[RECORDS SUPPLIED]

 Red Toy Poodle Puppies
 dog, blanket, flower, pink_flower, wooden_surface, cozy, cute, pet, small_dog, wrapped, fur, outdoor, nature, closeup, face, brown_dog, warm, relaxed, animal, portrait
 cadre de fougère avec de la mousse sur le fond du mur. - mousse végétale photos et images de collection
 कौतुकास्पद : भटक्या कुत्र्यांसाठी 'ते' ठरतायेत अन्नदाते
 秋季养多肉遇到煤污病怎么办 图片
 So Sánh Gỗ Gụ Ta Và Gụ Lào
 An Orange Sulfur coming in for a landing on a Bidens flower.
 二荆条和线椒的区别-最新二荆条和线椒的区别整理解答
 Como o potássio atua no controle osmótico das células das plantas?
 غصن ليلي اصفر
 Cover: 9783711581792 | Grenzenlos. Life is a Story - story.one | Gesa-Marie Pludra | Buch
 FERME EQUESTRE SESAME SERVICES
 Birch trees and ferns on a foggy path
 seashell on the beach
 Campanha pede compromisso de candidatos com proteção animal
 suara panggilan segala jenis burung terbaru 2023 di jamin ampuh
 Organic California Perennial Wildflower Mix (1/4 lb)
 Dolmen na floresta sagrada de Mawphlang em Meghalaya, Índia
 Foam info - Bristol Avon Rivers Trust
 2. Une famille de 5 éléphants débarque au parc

[/RECORDS SUPPLIED]

WHAT IS EXPECTED: The response must contain every entry, each one identical to the original.

RESPONSE TO THIS EXERCISE:
 Red Toy Poodle Puppies
 dog, blanket, flower, pink_flower, wooden_surface, cozy, cute, pet, small_dog, wrapped, fur, outdoor, nature, closeup, face, brown_dog, warm, relaxed, animal, portrait
 cadre de fougère avec de la mousse sur le fond du mur. - mousse végétale photos et images de collection
 कौतुकास्पद : भटक्या कुत्र्यांसाठी 'ते' ठरतायेत अन्नदाते
 秋季养多肉遇到煤污病怎么办 图片
 So Sánh Gỗ Gụ Ta Và Gụ Lào
 An Orange Sulfur coming in for a landing on a Bidens flower.
 二荆条和线椒的区别-最新二荆条和线椒的区别整理解答
 Como o potássio atua no controle osmótico das células das plantas?
 غصن ليلي اصفر
 Cover: 9783711581792 | Grenzenlos. Life is a Story - story.one | Gesa-Marie Pludra | Buch
 FERME EQUESTRE SESAME SERVICES
 Birch trees and ferns on a foggy path
 seashell on the beach
 Campanha pede compromisso de candidatos com proteção animal
 suara panggilan segala jenis burung terbaru 2023 di jamin ampuh
 Organic California Perennial Wildflower Mix (1/4 lb)
 Dolmen na floresta sagrada de Mawphlang em Meghalaya, Índia
 Foam info - Bristol Avon Rivers Trust
 2. Une famille de 5 éléphants débarque au parc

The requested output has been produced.